• **Assignment**
Using the entries that follow, transcribe only the lines from the line with "骚妻这次化身女犯人被蹂躏[11P]" to the line with "Phát hiện 10", both included, exactly as they stand and without pictures.

• **Available data**
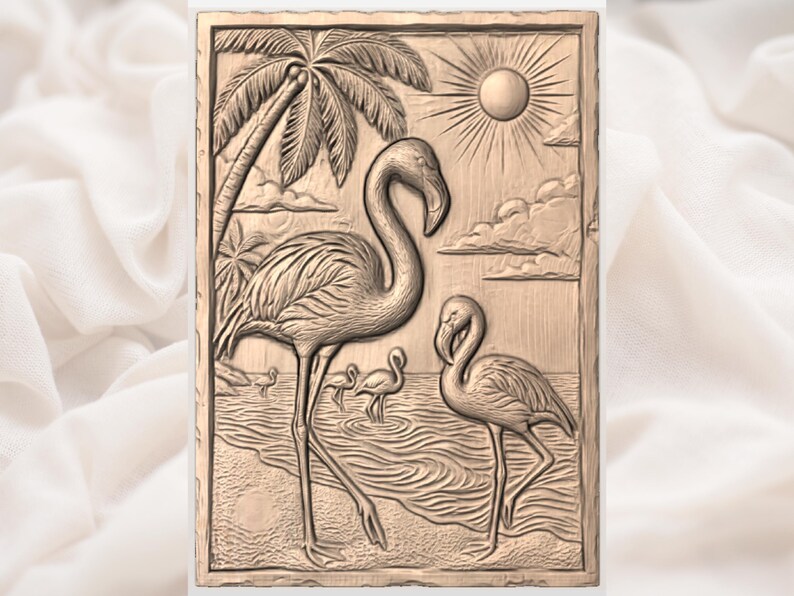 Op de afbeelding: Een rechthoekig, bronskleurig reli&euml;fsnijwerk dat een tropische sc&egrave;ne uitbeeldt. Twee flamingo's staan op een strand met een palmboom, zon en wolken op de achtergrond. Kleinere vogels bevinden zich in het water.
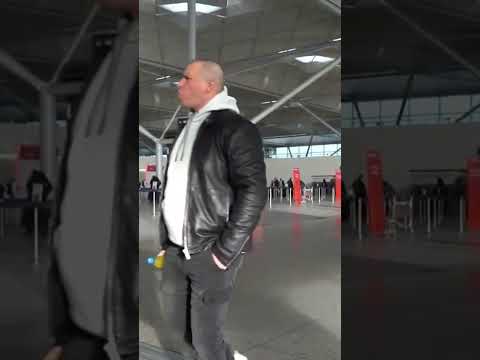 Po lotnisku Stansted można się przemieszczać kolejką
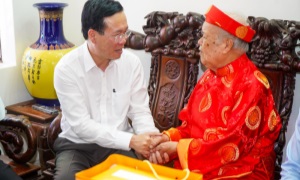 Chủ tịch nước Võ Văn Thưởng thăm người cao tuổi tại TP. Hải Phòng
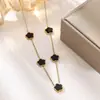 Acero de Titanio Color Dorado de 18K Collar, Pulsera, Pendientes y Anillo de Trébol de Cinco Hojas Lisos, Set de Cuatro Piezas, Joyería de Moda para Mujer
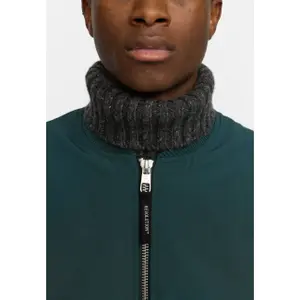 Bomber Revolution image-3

==

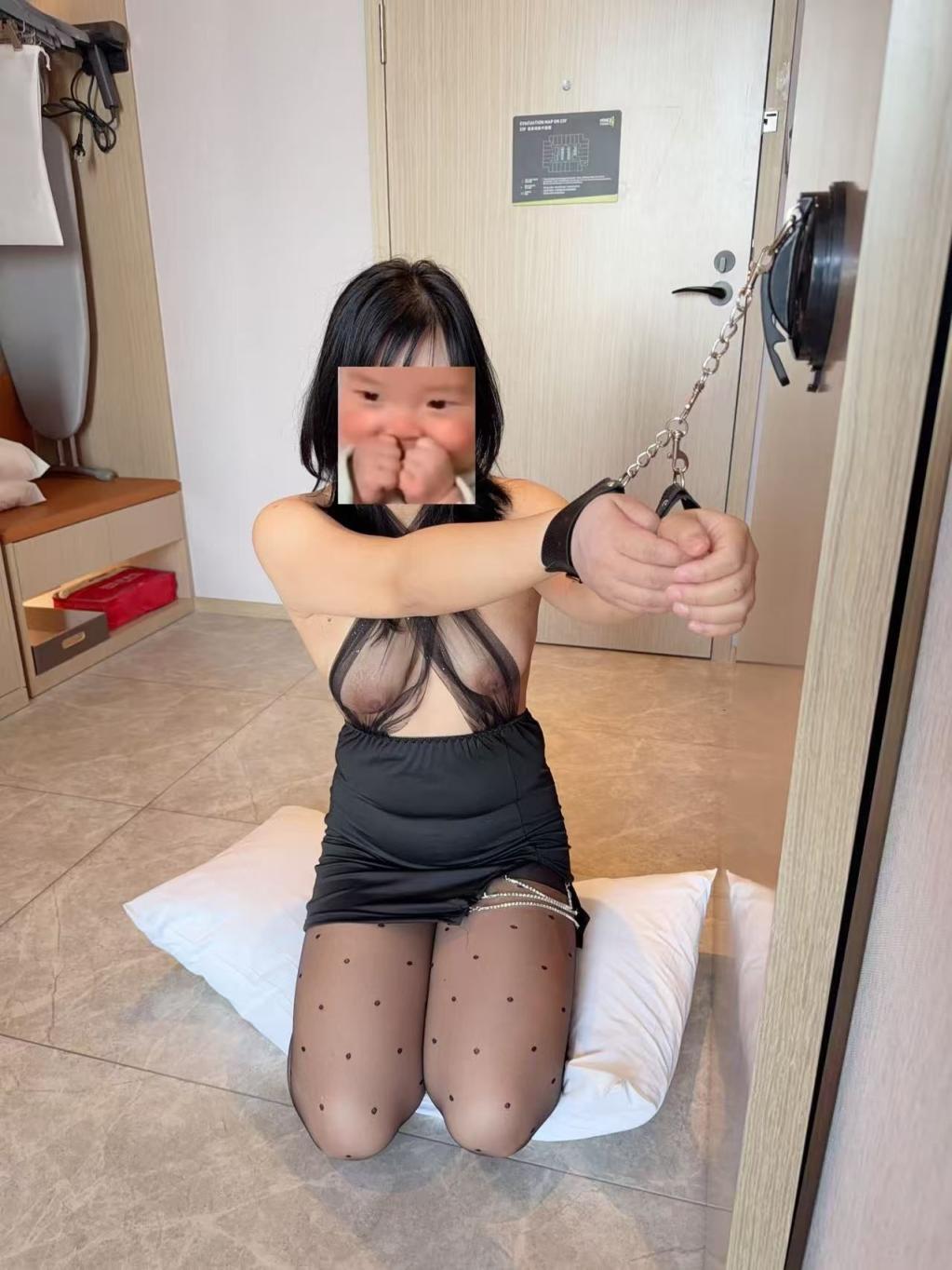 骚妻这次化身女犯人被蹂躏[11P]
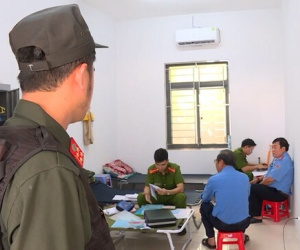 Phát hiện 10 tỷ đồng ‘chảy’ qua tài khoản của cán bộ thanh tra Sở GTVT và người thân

==

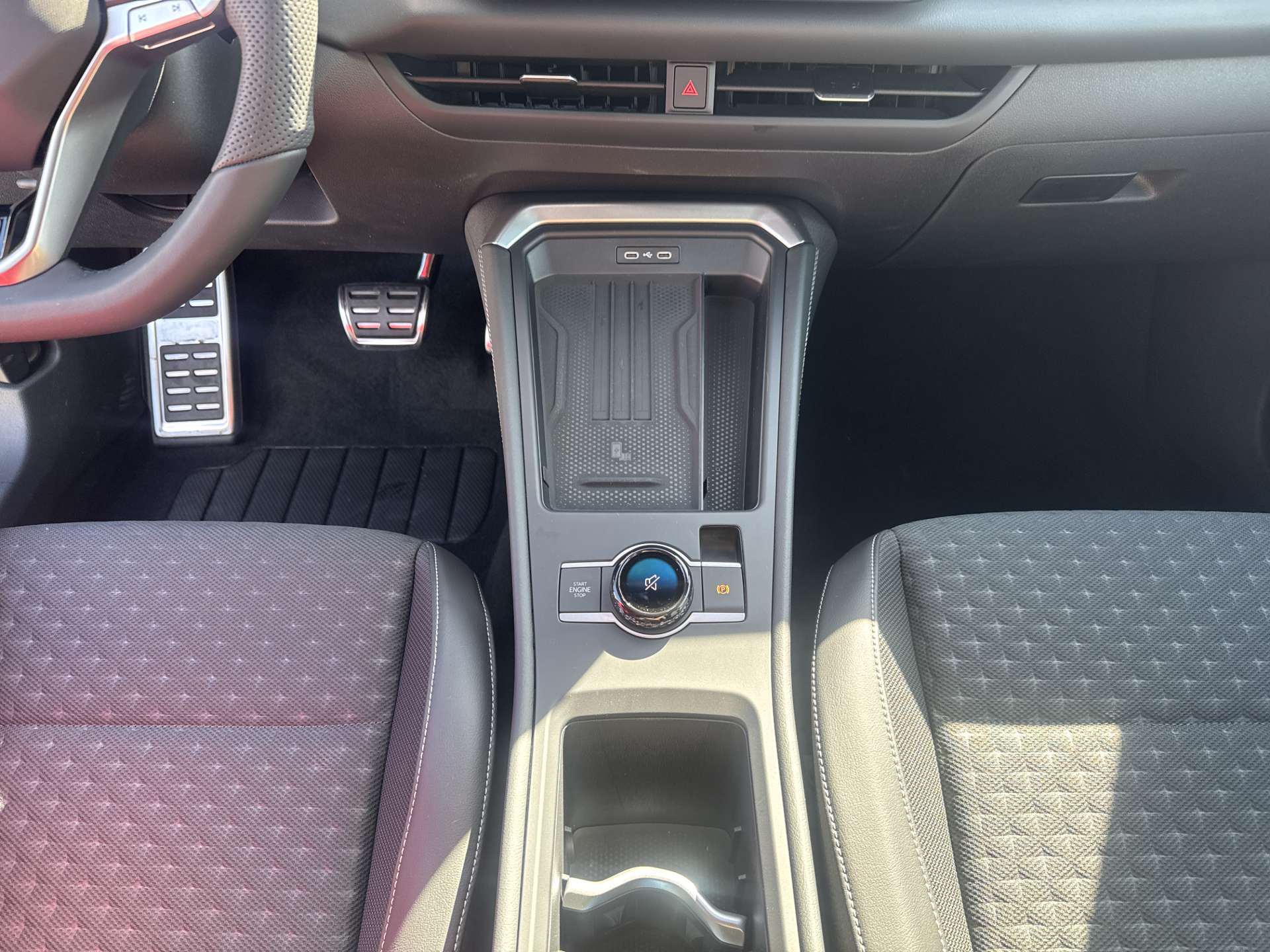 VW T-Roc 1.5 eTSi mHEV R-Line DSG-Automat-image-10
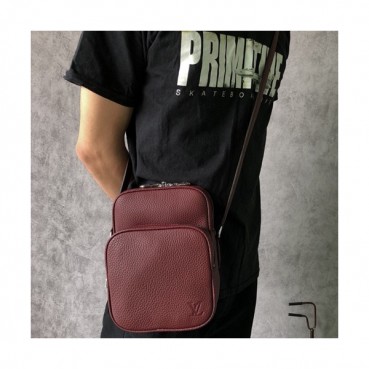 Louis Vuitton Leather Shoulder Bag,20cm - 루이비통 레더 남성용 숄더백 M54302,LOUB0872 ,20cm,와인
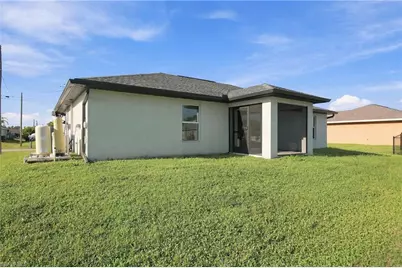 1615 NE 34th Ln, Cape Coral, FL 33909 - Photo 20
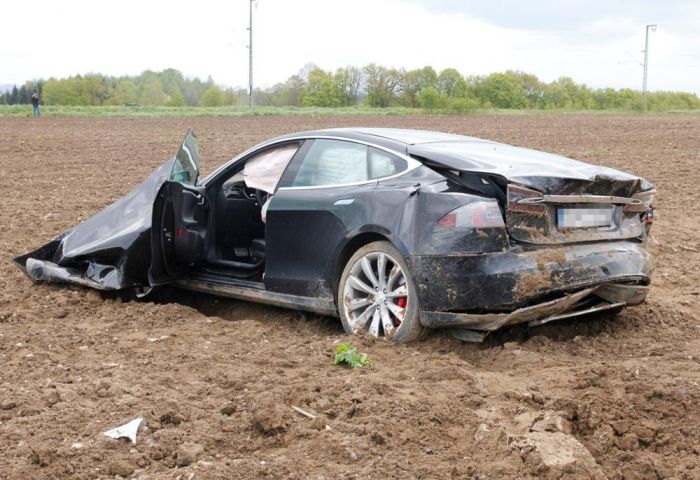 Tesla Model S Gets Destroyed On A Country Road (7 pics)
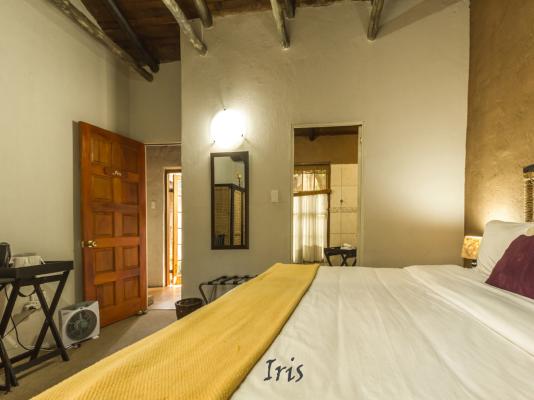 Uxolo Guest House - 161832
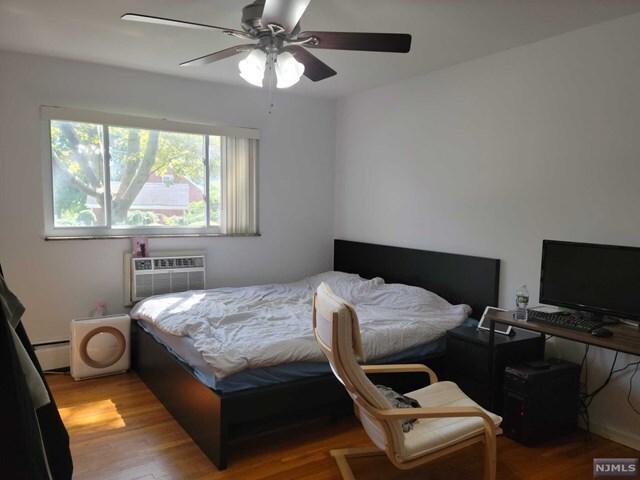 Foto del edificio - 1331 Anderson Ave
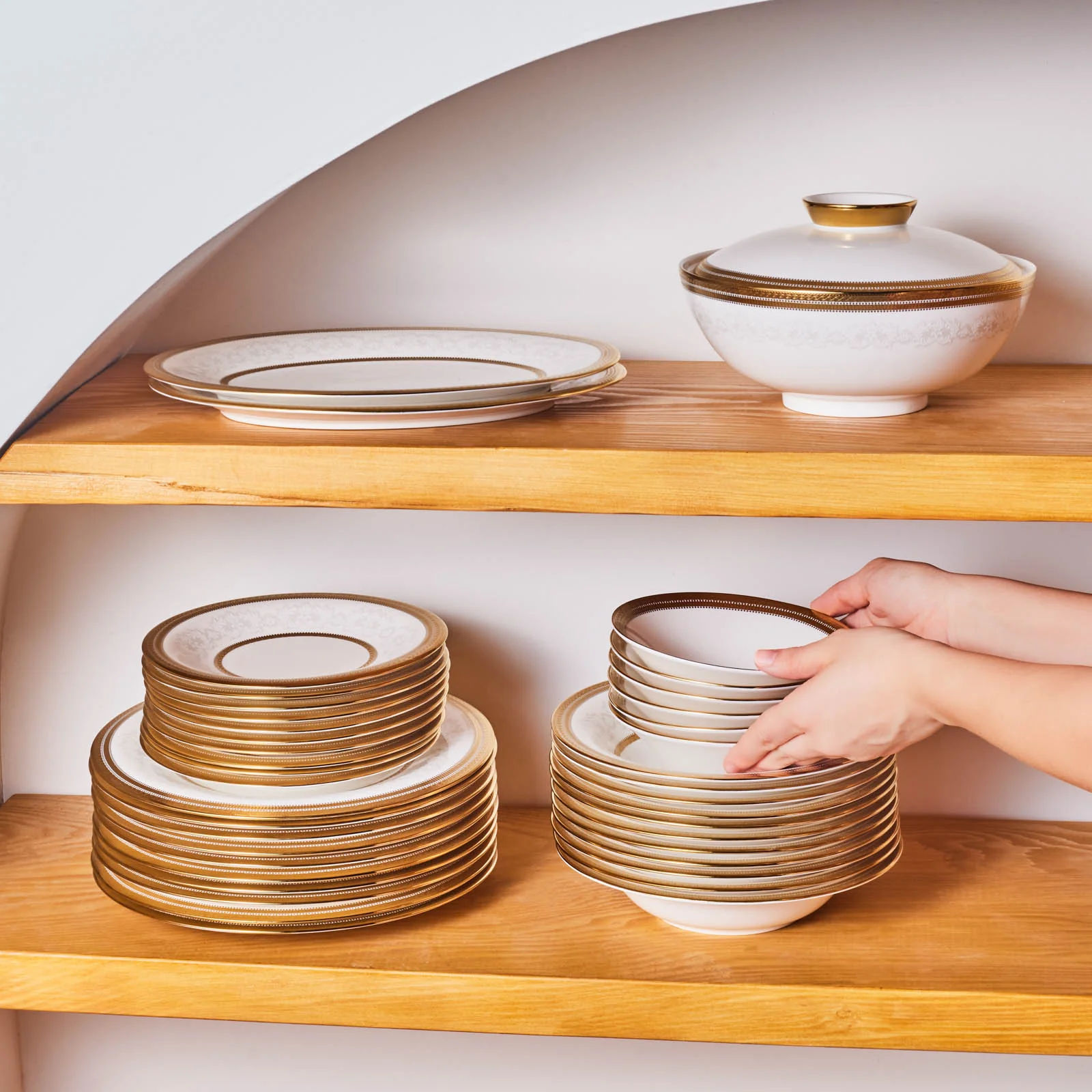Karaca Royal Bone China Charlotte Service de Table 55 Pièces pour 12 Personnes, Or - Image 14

• **Task output**
 骚妻这次化身女犯人被蹂躏[11P]
 Phát hiện 10 tỷ đồng ‘chảy’ qua tài khoản của cán bộ thanh tra Sở GTVT và người thân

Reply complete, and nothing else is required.